In commissione affari costituzionali. Presentato il testo unificato. Ma la Lega già attacca: «È uno ius soli mascherato»
di Carlo Lania *Il presidente della Commissione Affari costituzionali della Camera Giuseppe
Brescia (M5S) mette subito le mani avanti nella speranza di evitare
strumentalizzazioni: «Lo dico con chiarezza: nel testo proposto non c’è lo ius
soli. La presente proposta punta a introdurre una nuova fattispecie orientata al
principio dello ius scholae, con una scelta di fiducia non solo negli stranieri
che vogliono integrare i loro figli, ma nel lavoro della comunità didattica,
nella dedizione dei dirigenti scolastici e degli insegnanti». Trent’anni dopo
la prima legge del 1992 e dopo due anni di stop in Commissione, la discussione
sulla riforma della cittadinanza è ripartita ufficialmente ieri con la
presentazione da parte di Brescia di un testo unico che farà da base ai lavori
parlamentari. Due soli articoli di legge che sintetizzano tre ddl in materia
presentati in passato da LeU, Pd e Forza Italia e che, se approvati,
riconoscerebbero a più di un milione di ragazzi nati in Italia da genitori
immigrati un diritto che reclamano inutilmente da tempo, quello di essere finalmente
considerati a tutti gli effetti cittadini italiani.

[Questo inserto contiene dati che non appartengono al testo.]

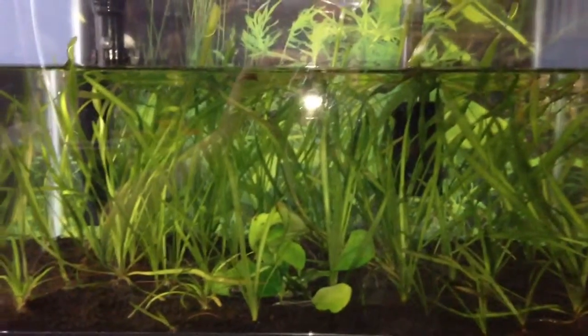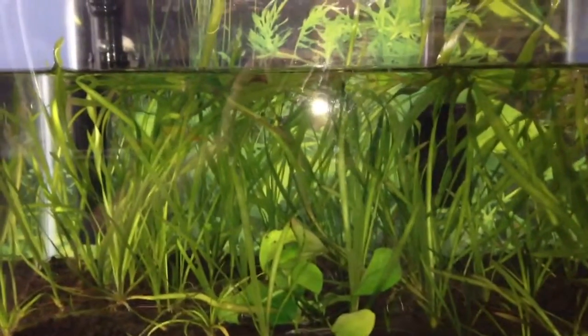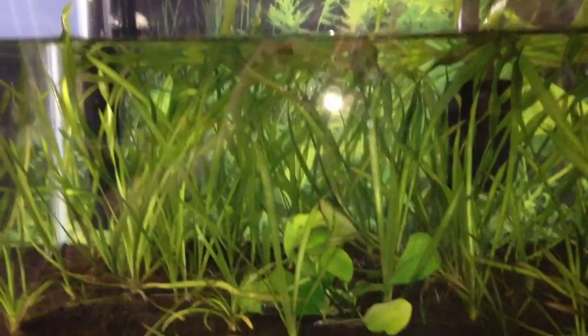Just wanted to give everybody an update. After I tear it down, I'm going to put the jungle val on a towel on the floor and we'll see how many pieces of jungle val are actually in this tank.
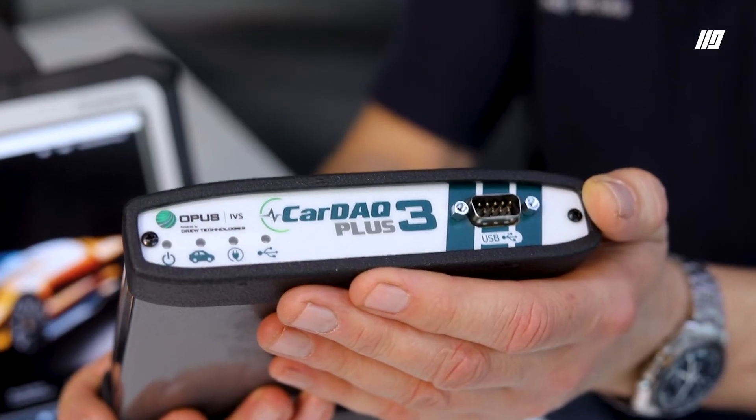What's the difference between Mercedes pass-throughs? So this is a pass-through tool here. This is a generic pass-through tool, but it is approved by Mercedes. This is a Cardac Plus 3.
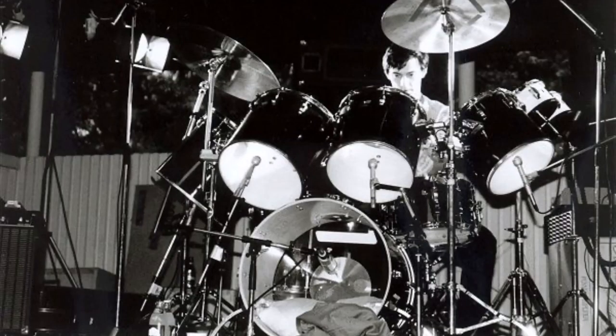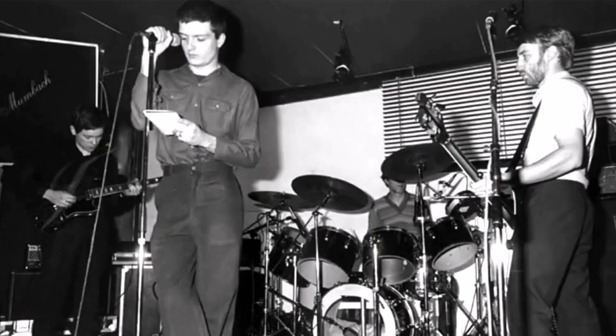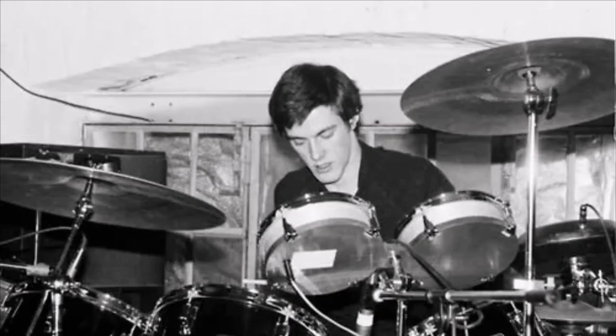Let's get right into it by first talking about his drum setup. His drum set, most famously known in Joy Division, is a Rogers drum set. He had several different tom-toms and a few different cymbals raised above him, and when he would go to do a drum fill, he would play every drum on the drum set.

Il principio della legge, che potrebbe essere approvata in commissione già
la prossima settimana per poi passare all’esame degli emendamenti, si basa sul
compimento di un percorso culturale che non potrebbe non avere la scuola al
centro. Il testo prevede infatti che possa diventare cittadino italiano «il
minore straniero nato in Italia o che vi abbai fatto ingresso entro il
compimento del dodicesimo anno di età», che vi abbia risieduto legalmente e che
abbia frequentato «senza interruzione per almeno cinque anni uno o più cicli
scolastici presso istituti appartenenti al sistema nazionale di istruzione». La
cittadinanza si acquisisce a seguito di una dichiarazione di volontà espressa
da entrambi i genitori legalmente residenti in Italia o da chi esercita la
responsabilità genitoriale nel comune di residenza del minore. Se questo non
avviene, l’interessato potrà fare richiesta di cittadinanza entro due anni dal
compimento della maggiore età.
La speranza è che adesso la discussione sulla riforma non si trasformi
ancora una volta in uno scontro identitario tra schieramenti contrapposti, come
avvenuto in passato: «Ogni tentativo di riforma – ha ricordato non a caso
Brescia – è stato fin qui fortemente influenzato da strumentalizzazioni
politiche e distorsioni mediatiche che hanno solo alzato il volume della
propaganda senza portare alcun cambiamento. Per raggiungere l’obiettivo bisogna
dunque rovesciare il paradigma, evitando inganni ideologici e puntando su un
testo semplice, capace di non prestare il fianco a manipolazioni».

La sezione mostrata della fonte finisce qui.